I've decided that one day, when I have a career and money, I am going to travel California's wine country for a couple of weeks. Drinking in the beautiful scenery--spitting out the wine samples--and who knows what else. It sounds like an ideal vacation to me. A friend of mine recommended the movie Bottle Shock, which I guess will have to suffice as a means of vicariously experiencing wine country. Along with Sideways, Bottle Shock is part of a distinct sub-genre of wine-lovers' movies. I was intrigued by Sideways for its eccentric fascination with wine, but turned off by the two douche bag characters in the movie. So I liked Bottle Shock much more because it offered the same eccentric love of viniculture and characters who were far more likable and just as human.

Chris Pine, who we all know from Star Trek, plays an aimless young man who works on his father's Napa vineyard. His dad (Bill Pullman) is tired, disappointed with himself for leaving a law firm to make his own wine, and facing insurmountable piles of debt. Meanwhile, a condescending British wine connoisseur (Alan Rickman) is facing problems of his own in France, where he runs a school for wine studies. Rickman reluctantly ventures to California's wine country, a term he acknowledges with not a little disdain, and tries to discern whether or not those unsophisticated Americans are actually making anything worth spitting into a tin cup after you sample it and describe the taste with phrases like "firm, robust, full of body, and a hint of tangerine." Essentially, it's Amadeus all over again, and Chris Pine is the delightfully mad genius to Rickman's taciturn, irretrievably jealous Salieri.

At first Bottle Shock appears a meandering tale of some folks who love wine. However, the more I got into the movie, I began to really enjoy its idiosyncratic subject matter. Combining Alan Rickman's tasteful Britishness and Chris Pine's whole "I thought showering was optional" persona is just eccentric enough to suit a movie which finds its roots in both French haute culture and 1970s Western Americana. Even Bill Pullman is good--and usually I find him to be somewhat subdued. Freddy Rodriguez co-stars as Pine's buddy, a natural-born vintner who's got his own dreams about making wine. Rodriguez is sort of the James Dean of the cast.

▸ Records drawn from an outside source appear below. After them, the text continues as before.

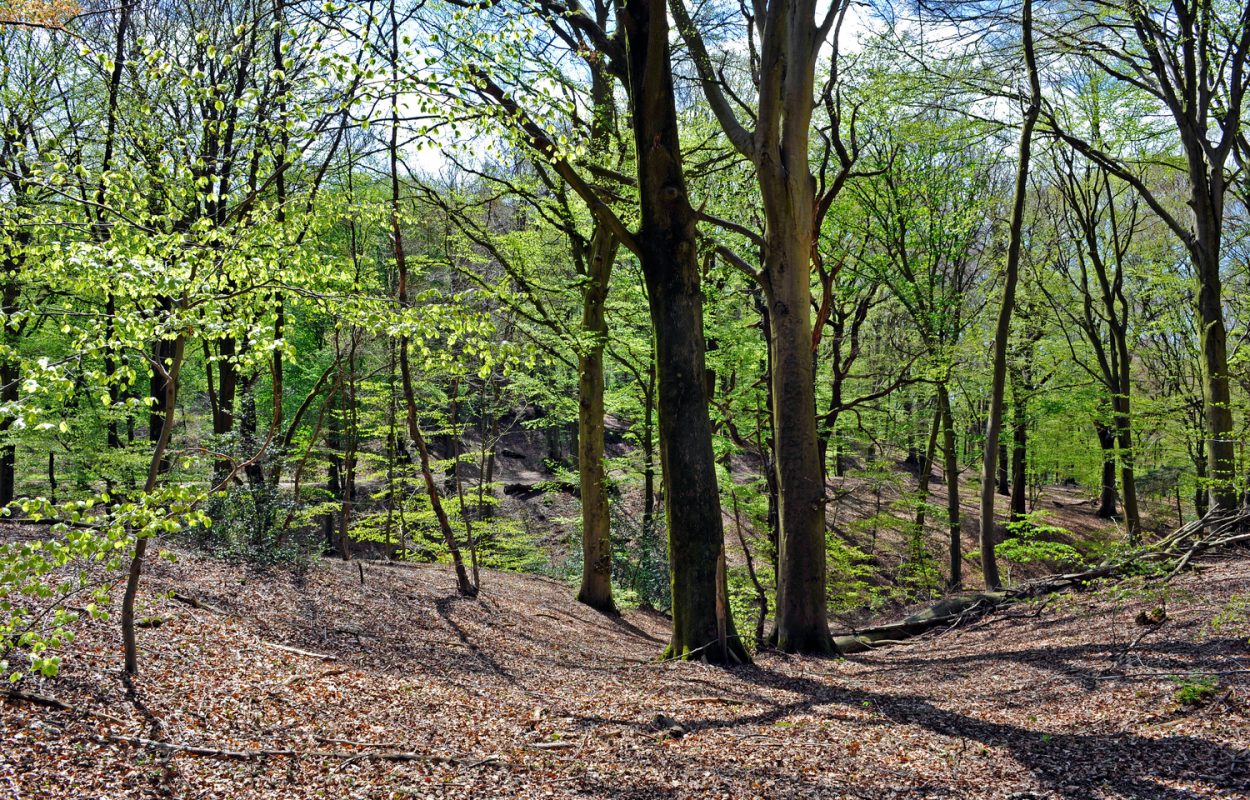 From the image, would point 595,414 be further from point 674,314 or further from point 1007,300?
point 1007,300

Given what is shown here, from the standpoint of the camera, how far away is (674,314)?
6.68m

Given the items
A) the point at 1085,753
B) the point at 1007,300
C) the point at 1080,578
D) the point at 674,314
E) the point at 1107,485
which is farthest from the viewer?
the point at 1107,485

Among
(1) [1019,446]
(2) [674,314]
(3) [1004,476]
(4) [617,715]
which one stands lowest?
(3) [1004,476]

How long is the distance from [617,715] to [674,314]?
340 cm

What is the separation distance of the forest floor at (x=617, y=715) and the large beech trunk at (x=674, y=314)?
43.1 inches

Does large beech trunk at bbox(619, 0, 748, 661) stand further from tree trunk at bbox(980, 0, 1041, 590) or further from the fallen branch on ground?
tree trunk at bbox(980, 0, 1041, 590)

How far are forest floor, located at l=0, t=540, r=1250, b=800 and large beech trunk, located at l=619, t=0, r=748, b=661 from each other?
43.1 inches

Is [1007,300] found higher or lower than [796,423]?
higher

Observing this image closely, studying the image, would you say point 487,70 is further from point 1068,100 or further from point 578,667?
point 1068,100

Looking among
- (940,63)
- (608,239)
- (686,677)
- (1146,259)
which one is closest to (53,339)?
(608,239)

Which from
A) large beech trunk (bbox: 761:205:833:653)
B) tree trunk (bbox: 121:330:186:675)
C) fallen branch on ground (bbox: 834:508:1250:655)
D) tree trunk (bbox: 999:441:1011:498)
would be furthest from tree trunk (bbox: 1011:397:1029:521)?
tree trunk (bbox: 121:330:186:675)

He gets taunted with but never gets the glory or the girl.

I think my favorite scene was of Pullman popping a wine cork with a sword at his old law firm. I'm pretty sure Jesus turned water into wine with as much alacrity.

Directed by Randall Miller. With Dennis Farina, Rachael Taylor, Eliza Dushku.

1 comment:

Li said...

Thanks for the interesting review. It was nice to hear your perspective and I'm glad you liked it. I might just have to rent it again... :)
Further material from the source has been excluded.